- US 7-inch single

Single by Sheila E.

from the album The Glamorous Life
- B-side: "Too Sexy"
- Released: October 12, 1984
- Recorded: c. February 10, 1984 (instruments); April 1–4, 1984 (Sheila E's vocals);
- Studio: Sunset Sound Recorders (Hollywood, California)
- Length: 5:12 (album version); 3:38 (7-inch version); 7:43 (12-inch version);
- Label: Warner Bros.
- Songwriters: Prince; Jesse Johnson; Sheila E.;
- Producers: Sheila E.; Prince (as The Starr ★ Company);

Sheila E. singles chronology
| "The Glamorous Life" (1984) | "The Belle of St.
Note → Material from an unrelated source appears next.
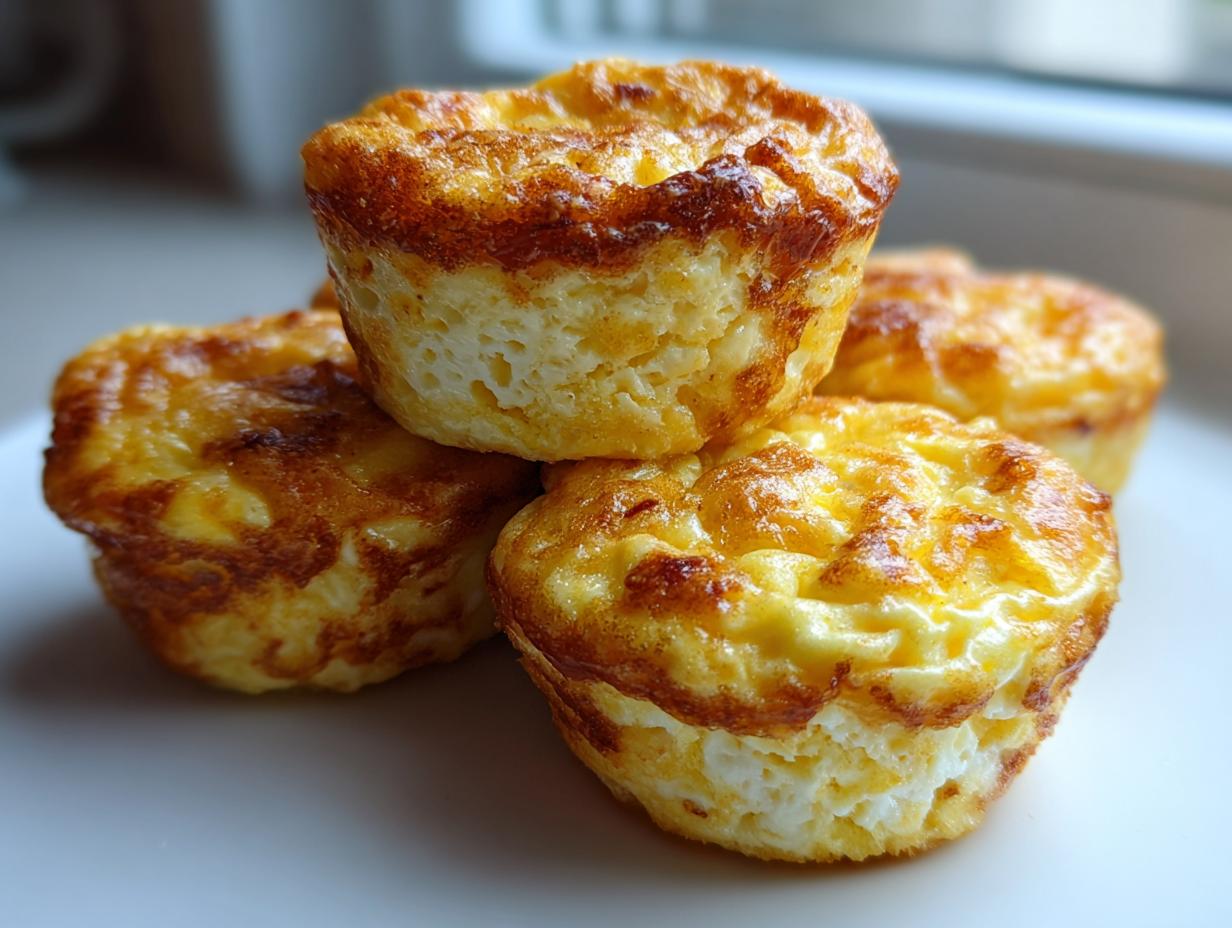 A stack of four golden brown, fluffy egg bites fresh from the oven, perfect for a quick breakfast.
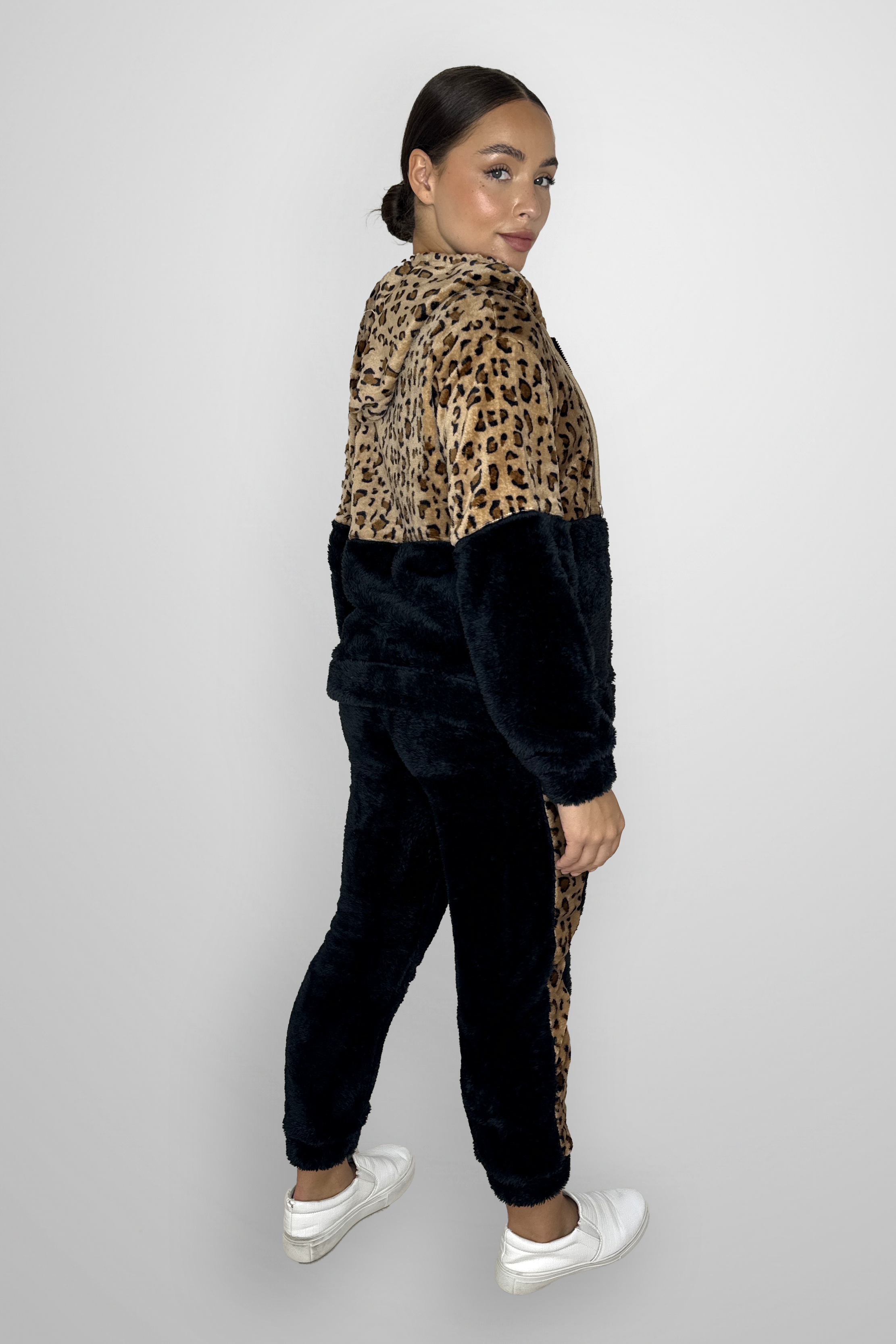 Fleeced Colour Block Leopard Print Loungewear Set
Mark" (1984) | "Noon Rendezvous" (1985) |

Alternative cover
- Artwork used for the German, UK, and Dutch releases

= The Belle of St. Mark =

1984 single by Sheila E.

"The Belle of St. Mark" is a song by singer-songwriter Sheila E. The song was released in October 1984 in the United States. and peaked at No. 34 on the US Billboard Hot 100 chart, as well as No. 68 on the Billboard Hot Black Singles chart. Worldwide, it reached the top 10 in Belgium, the Netherlands, and New Zealand as well as the top 20 in Australia, the United Kingdom, and Ireland.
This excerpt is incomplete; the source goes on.